Important clarification: The Act expressly states that paleontological specimens are not archaeological resources (NCGS 70-12(2)) — fossil shark teeth, shells, and similar natural finds are not covered. That's why casual fossil collecting on spoil-island shoreline is generally fine.

Shark Tooth Island Specifically

Shark Tooth Island is associated with the chain of dredge-spoil islands in the lower Cape Fear River. That's context that matters — personal collecting of common fossil material on publicly accessible spoil-island shoreline is generally permitted in the Cape Fear region.

That said, the lower Cape Fear is a working river with multiple agencies involved in its management. Jurisdiction and access can change. For site-specific current guidance, check with:

When in doubt, photograph it, note the location, leave it in place.

That approach handles every scenario above. You haven't broken any rule, you have a record if someone wants to study the find, and you can ask later.

What "Leave It Right" Actually Means

Legality is the floor, not the ceiling. Even where collecting is permitted, a few practices make the difference between visitors the island welcomes back and visitors who degrade the site for the people who come after them.

Pack out everything you bring in. Including food scraps, water bottles, bag tags, gear wrappers. The tide cleans up some of it. Most of it just stays.

Don't dig or destabilize banks. Work the loose material the tide has already sorted. Excavating undercuts the shoreline and changes the way the island reworks itself.

Respect wildlife. Seabirds nest on spoil islands in parts of the lower Cape Fear. Fiddler crabs, shorebirds, and occasional alligators are present. Don't approach or disturb nesting areas. Keep dogs leashed or left at home.

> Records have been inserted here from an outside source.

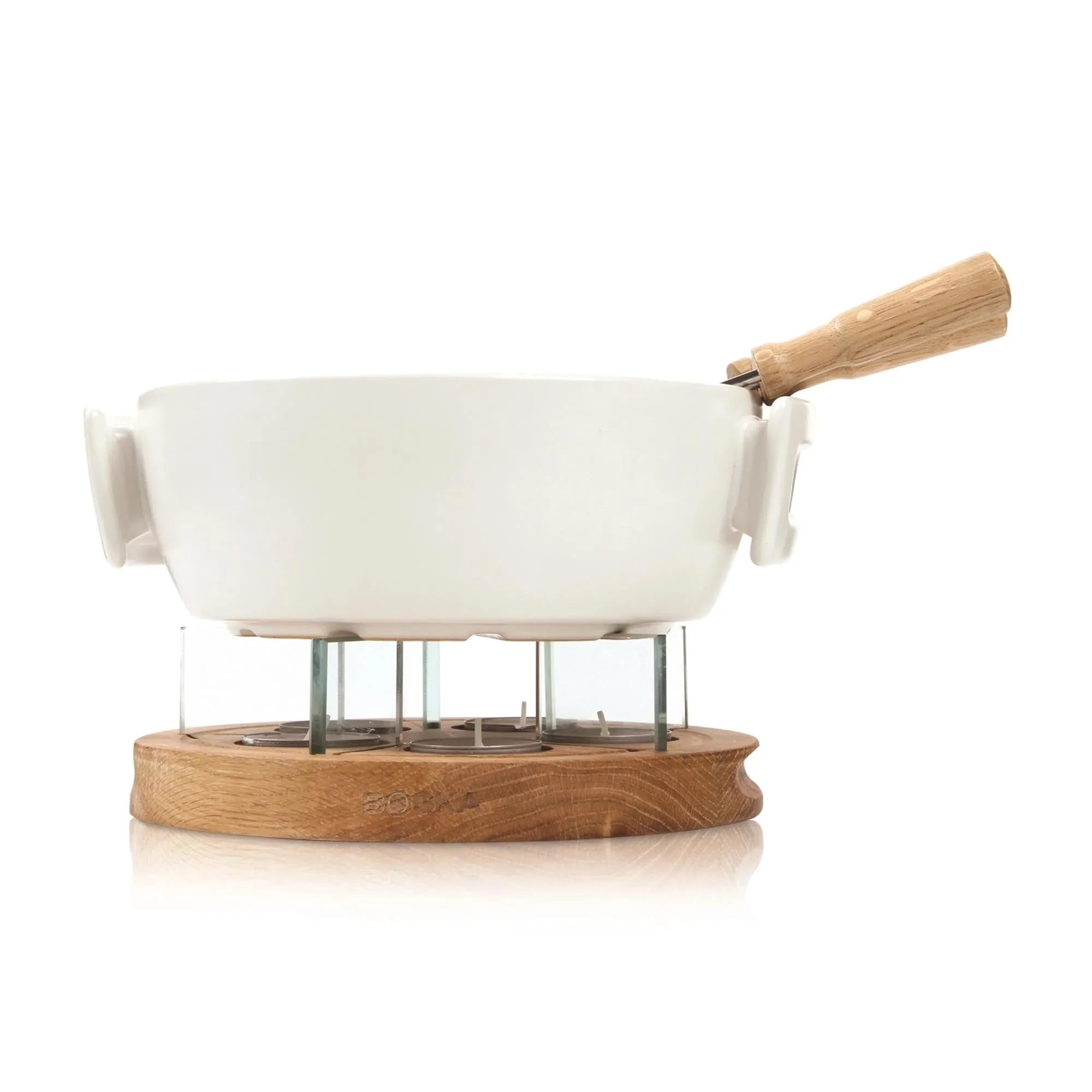 Elegantes Fondue-Set aus Keramik, Eiche, Glas und Edelstahl. Ideal für Käse- und Schokoladenfondue. Perfekt für gesellige Abende.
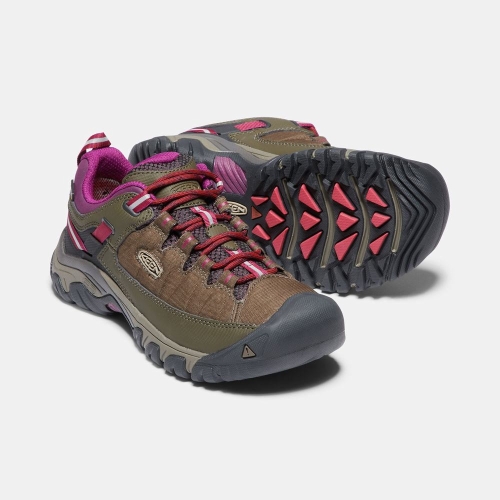 Women's Keen Targhee Exp Waterproof Hiking Shoes Brown Olive Purple | QMP-674283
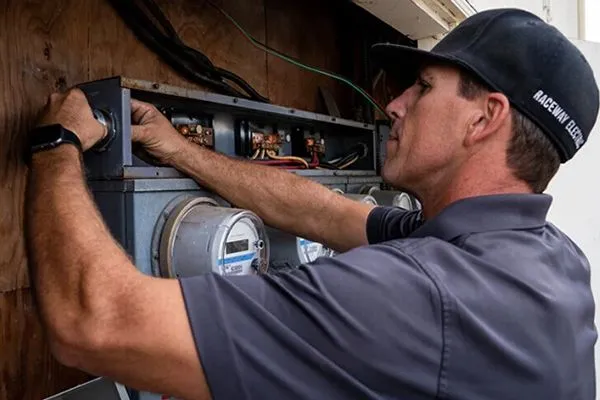 - Housecall Pro Electrician pro working on electrical box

Take a share, not a haul. Collecting a handful of teeth to remember the trip is not the same as filling a bucket. Scale up and you're making it worse for everyone, including yourself next time.

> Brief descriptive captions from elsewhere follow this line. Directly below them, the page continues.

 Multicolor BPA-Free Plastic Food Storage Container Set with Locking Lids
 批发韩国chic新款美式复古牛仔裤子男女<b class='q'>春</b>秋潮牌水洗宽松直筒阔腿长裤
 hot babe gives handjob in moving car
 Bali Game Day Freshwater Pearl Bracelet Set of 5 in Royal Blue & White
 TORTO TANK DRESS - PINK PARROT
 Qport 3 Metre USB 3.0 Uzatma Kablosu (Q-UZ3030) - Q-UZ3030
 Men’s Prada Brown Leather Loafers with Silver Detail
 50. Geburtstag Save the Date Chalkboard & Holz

If you find something significant, share it. Museums, university geology departments, and state paleontologists are genuinely interested in unusual finds. A clear photo and a location note is all it takes.

When to Leave It in Place

There are specific things that should stay where you found them:

  • Articulated skeletal material. Bone pieces that clearly belong together. Pulling them apart destroys the scientific context.
  • Very large or complete specimens. Anything that feels like a museum piece probably should go through one.
  • Anything still embedded in a bank or matrix. If it's not loose, don't try to free it.
  • Anything you can't identify. If you don't know what you've got, the safe default is to document it and leave it.

These aren't hard legal rules for every single case. They're the ethics the site rewards. You get more trips, better finds, and a clearer conscience if you operate this way.